But let’s say that we have a graph with B. In this case, we can ask a new type of question. We can ask a question about conditional independence. We can ask the question, are A and Y associated conditional on B or within levels of B? Is there an association between A and Y, among individuals with a particular value of B? And to answer this question, we will need data on A, Y and of course, B. So suppose again that we have a database with millions of people and for each person we know whether they were cigarette smokers, whether they had cell damage, and whether they developed lung cancer. And let me make a clarification here. The arrows of causal graphs are not meant to be deterministic. That means that when we have an arrow from cigarette smoking A to cell damage B, that doesn’t mean that for every single smoker we’re going to see cell damage. Because some smokers may never develop cell damage; some nonsmokers may develop cell damage for other reasons. OK, so with this data on A, Y and B, we can answer the question on whether A and Y are associated conditional on B. For example, we can restrict our analysis to a subset of individuals with cell damage with B equals 1. And to represent it graphically that we are conditioning on a particular value of B, 1, we put a square box around B on the graph.
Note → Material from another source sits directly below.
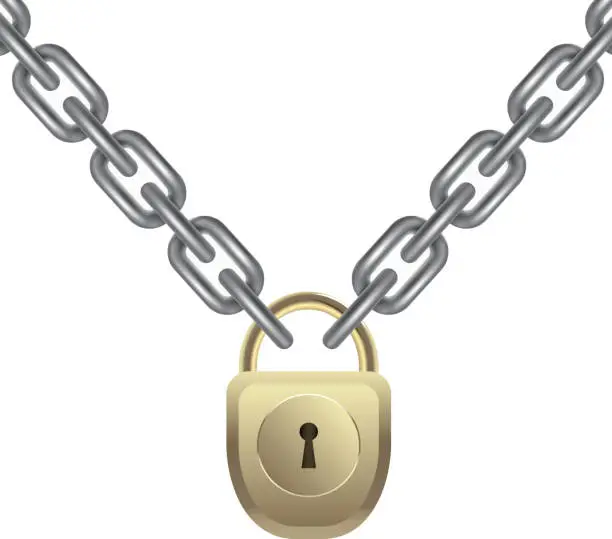 Vector illustration of Lock and chain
And now we can check in the subset of the population with cell damage B equals 1 whether there is an association between A and Y.

We just check whether the proportion of individuals with lung cancer is different among smokers and nonsmokers. If the proportions are different, we will say that there is an association between A and Y conditional on B equals 1. Or another way to say this, we will check whether A contains information not already included in B that allows us to predict Y better. If the correct DAG is really A arrow B arrow Y, do we expect to find an association between A, cigarette smoking and Y,lung cancer, among people with B equals 1 with cell damage? Well, according to this graph, the effect of smoking is entirely mediated through cell damage. Therefore, if someone has cell damage, then learning that she’s a smoker does not provide any additional information with respect to the risk of Y. You can think of it in this way. If we know that someone with cell damage has a 10% chance of developing cancer, and then we learn that she is a cigarette smoker, that doesn’t change the number. She still has a 10% chance of developing cancer. Because under our graph, smoking can only affect cancer risk through cell damage. And similarly, if we know that someone without cell damage has a 1% chance of developing cancer, thenl earning that she is a cigarette smoker does not change that number. She still has a 1% chance of cancer. We say that there’s no conditional association between A and Y with the levels of B. And that’s true for all levels of B, whether we are conditioning on B equals 1, cell damage, or B equals 0, no cell damage.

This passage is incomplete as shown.